> **Task directions**: Among the lines below, a stretch begins at the one with "a view of a house with a window" and ends at the one with "Gorjana 18k Gold-plated". Repeat that stretch exactly, ends included.

> **Data for review**:
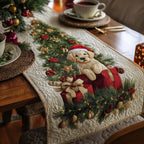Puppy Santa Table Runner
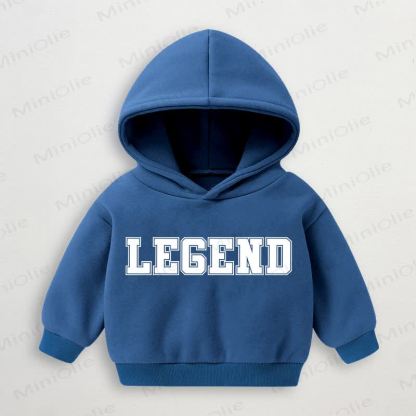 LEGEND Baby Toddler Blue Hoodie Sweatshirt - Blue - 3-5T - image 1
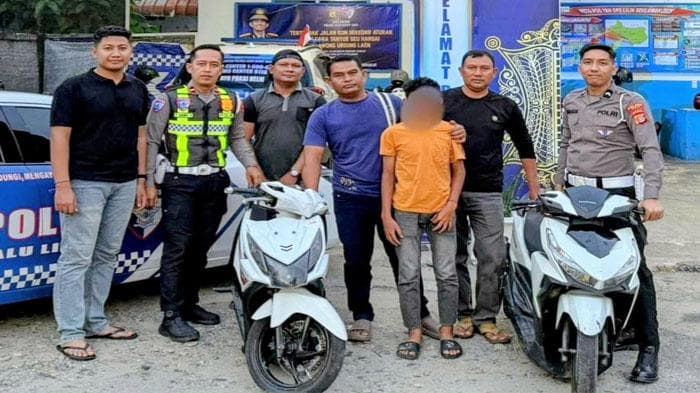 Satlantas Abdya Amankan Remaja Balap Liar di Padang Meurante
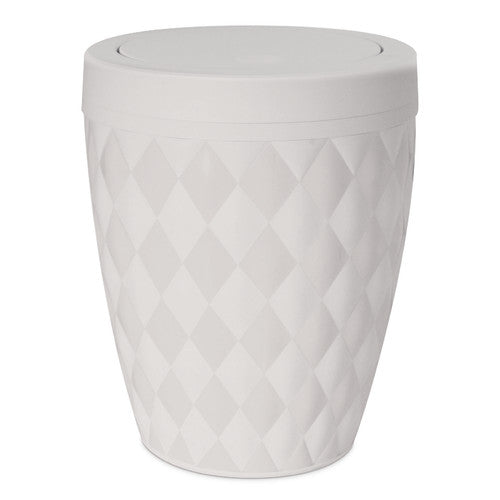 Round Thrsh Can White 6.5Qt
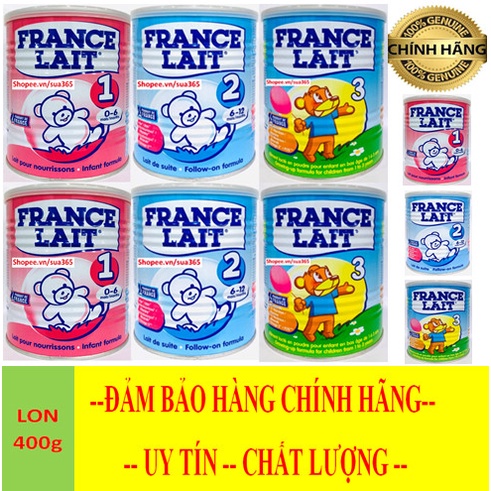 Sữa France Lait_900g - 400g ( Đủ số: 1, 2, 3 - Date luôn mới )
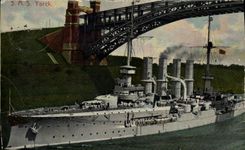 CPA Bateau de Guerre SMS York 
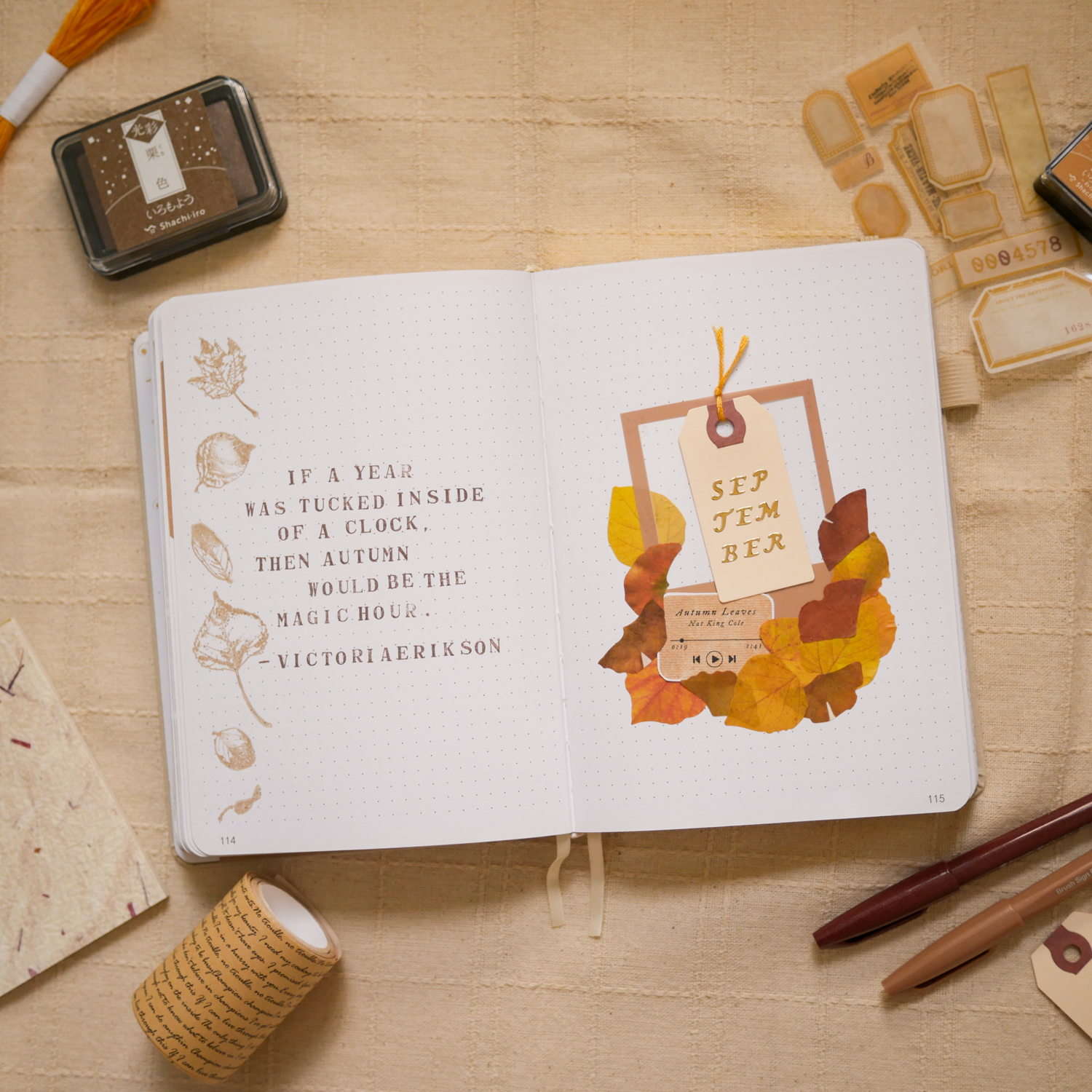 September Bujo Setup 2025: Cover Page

---

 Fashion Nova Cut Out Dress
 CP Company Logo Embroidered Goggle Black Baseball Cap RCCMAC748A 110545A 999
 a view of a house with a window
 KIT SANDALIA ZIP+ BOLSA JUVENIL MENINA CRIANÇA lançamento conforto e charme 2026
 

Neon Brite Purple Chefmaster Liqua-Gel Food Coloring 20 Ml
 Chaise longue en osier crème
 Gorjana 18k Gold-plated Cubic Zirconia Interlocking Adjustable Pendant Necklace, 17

* * *

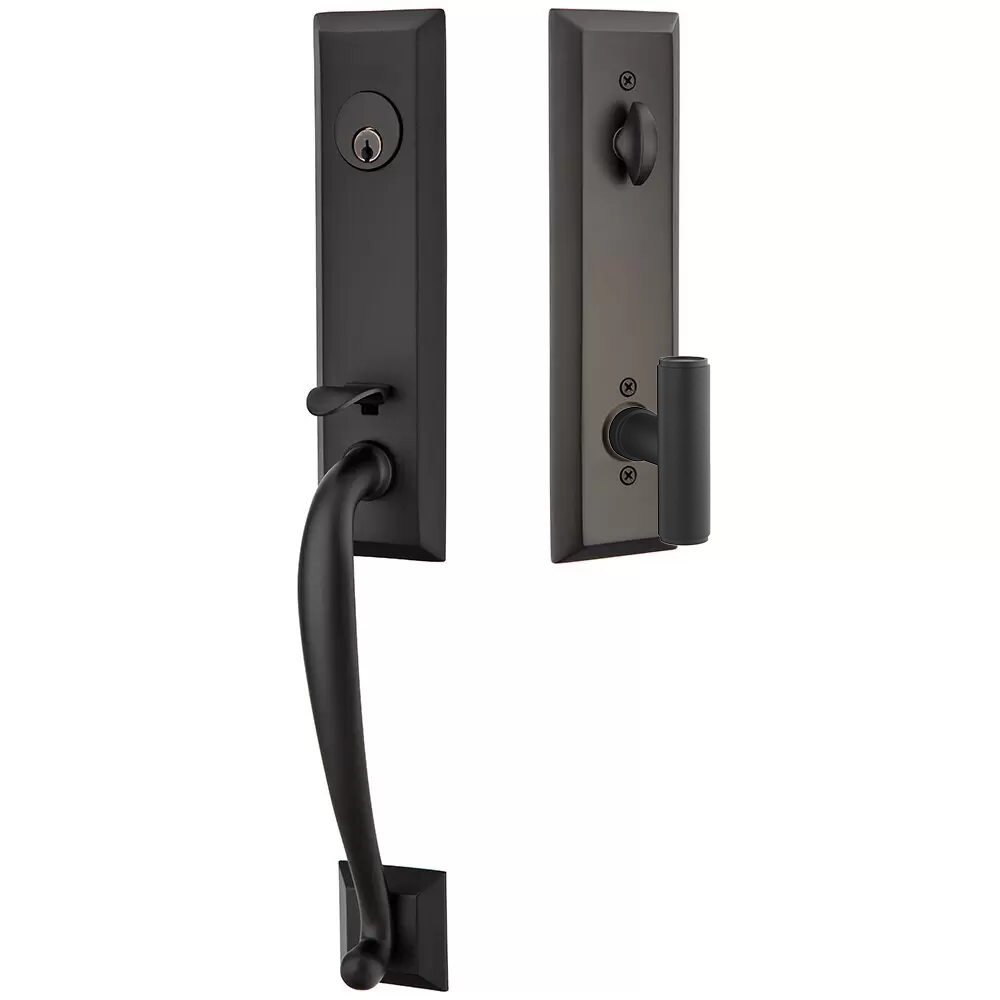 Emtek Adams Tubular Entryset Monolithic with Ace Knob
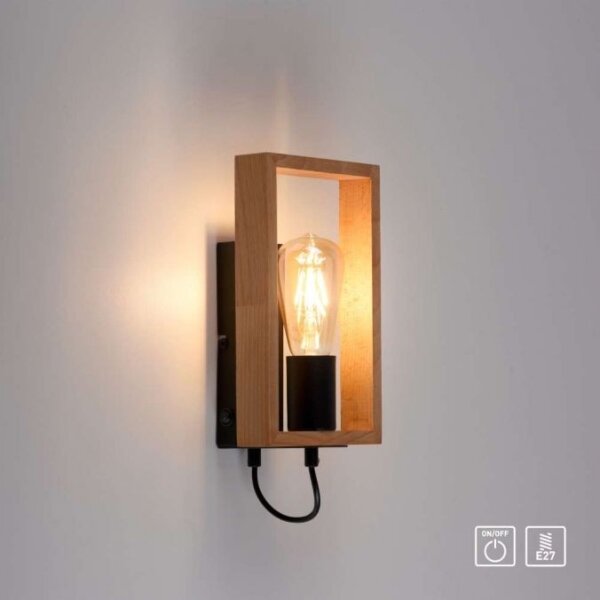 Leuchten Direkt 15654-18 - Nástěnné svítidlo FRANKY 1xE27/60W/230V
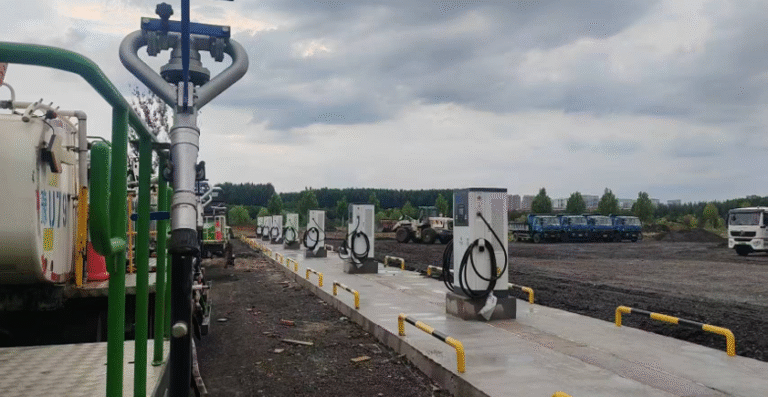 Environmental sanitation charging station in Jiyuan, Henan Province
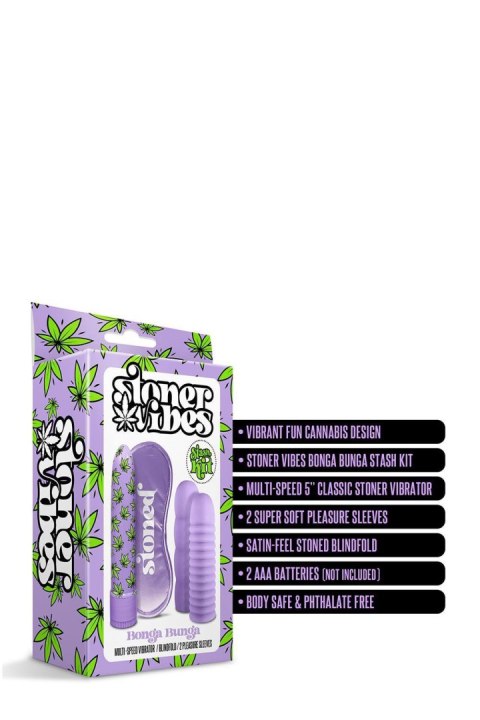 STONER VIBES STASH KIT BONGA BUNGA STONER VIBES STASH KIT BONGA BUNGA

> **Exercise solution**:
 a view of a house with a window
 KIT SANDALIA ZIP+ BOLSA JUVENIL MENINA CRIANÇA lançamento conforto e charme 2026
 

Neon Brite Purple Chefmaster Liqua-Gel Food Coloring 20 Ml
 Chaise longue en osier crème
 Gorjana 18k Gold-plated Cubic Zirconia Interlocking Adjustable Pendant Necklace, 17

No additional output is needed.